Copy the listing verbatim, excluding any images found in it.

Data excerpt:
Segment Open

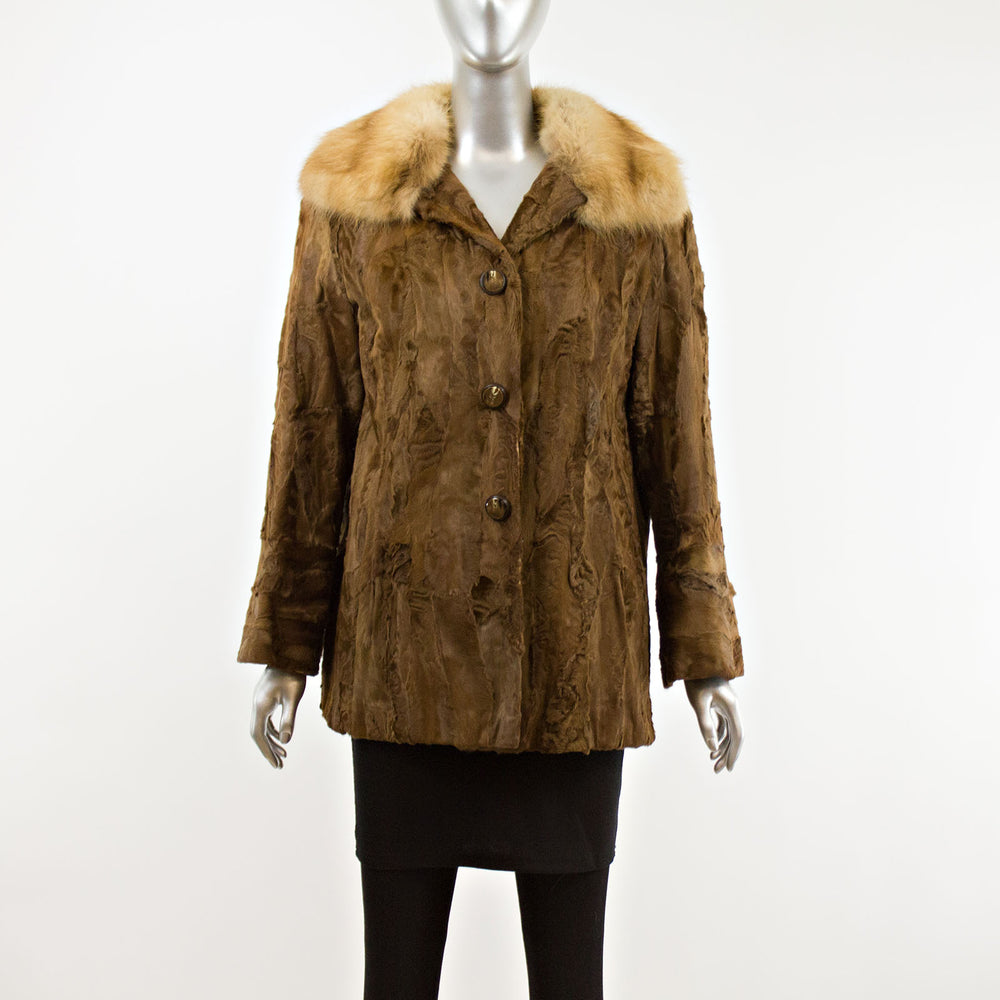 Section Brown Lamb with Sable Collar Jacket- Size L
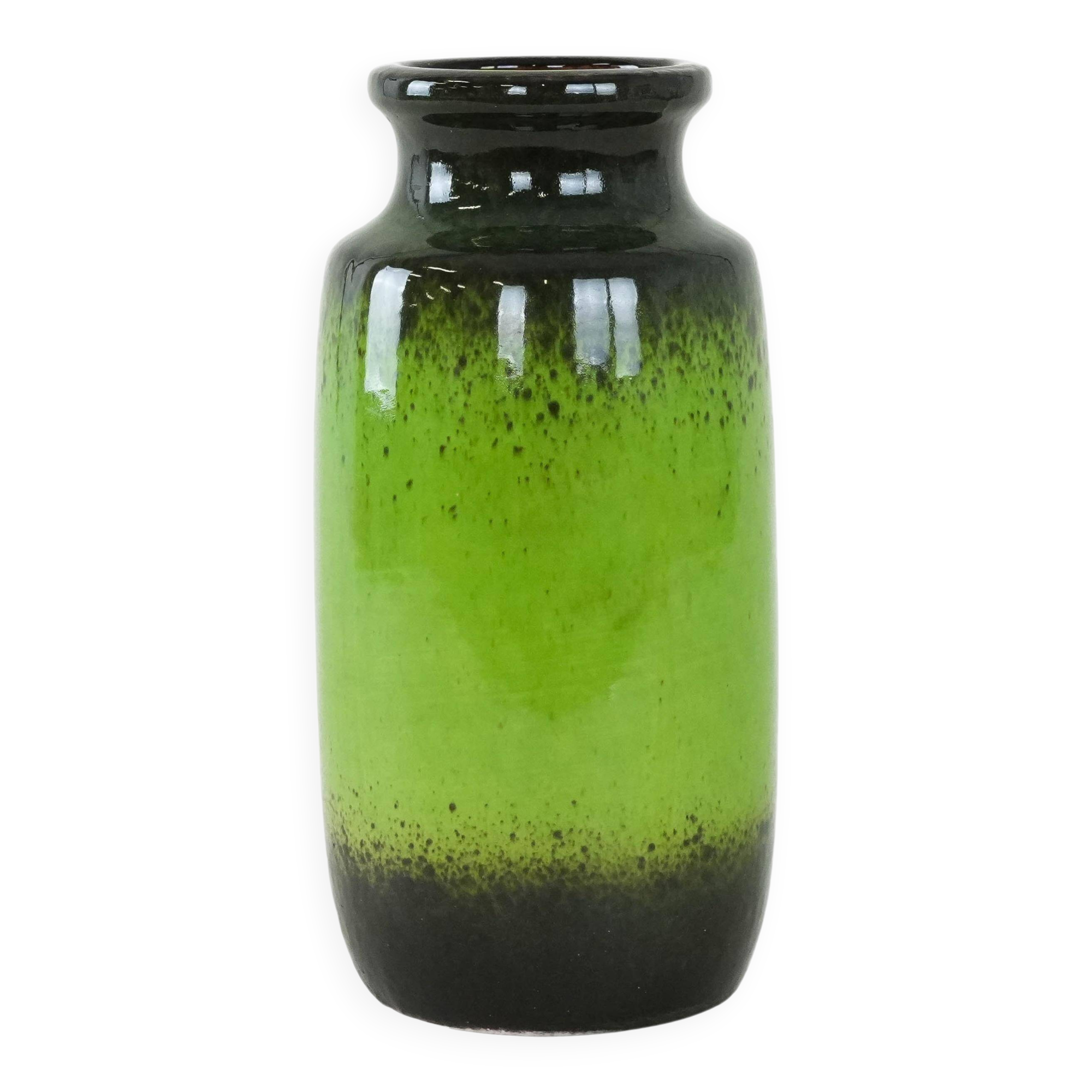 Green ceramic vase, German design, 1970s, made in Germany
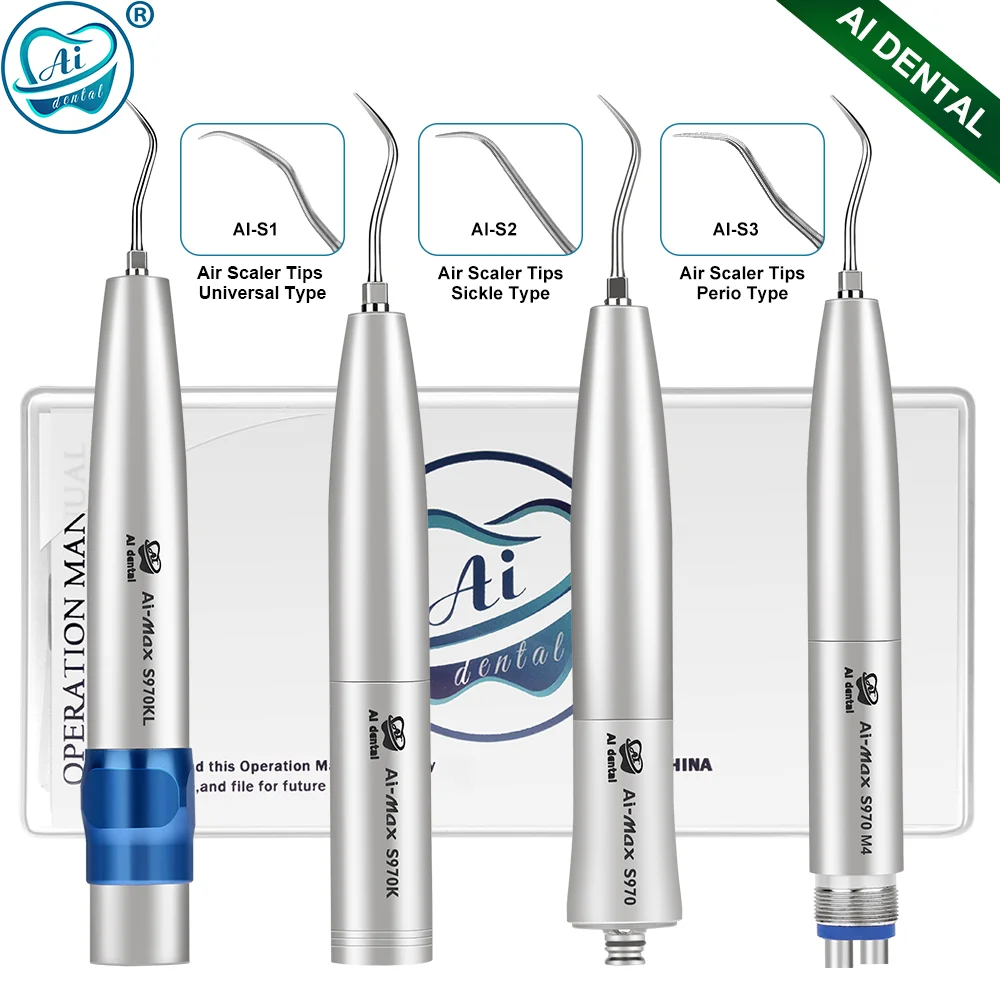 

AI-S970KL Air Scaler Handpiece KV-Couplings with 3 Level Power Ring/5,800~6,200 Hz/Optics LED/Includes(S1, S2 & S3)3Tips/ Wrench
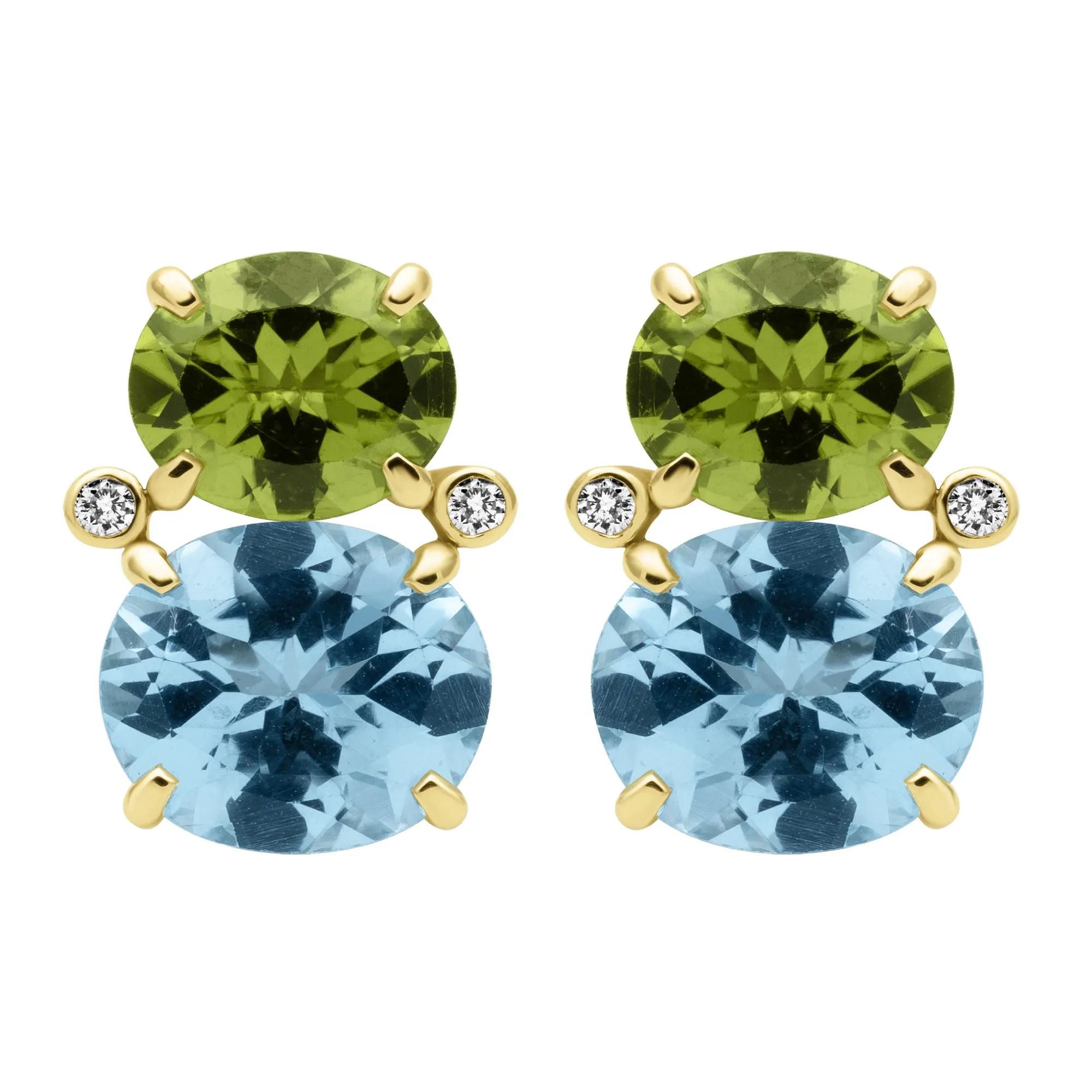 Earrings - Blue Topaz, Peridot And Diamond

Segment Closed

Answer for the task:
 Section Brown Lamb with Sable Collar Jacket- Size L
 Green ceramic vase, German design, 1970s, made in Germany

AI-S970KL Air Scaler Handpiece KV-Couplings with 3 Level Power Ring/5,800~6,200 Hz/Optics LED/Includes(S1, S2 & S3)3Tips/ Wrench
 Earrings - Blue Topaz, Peridot And Diamond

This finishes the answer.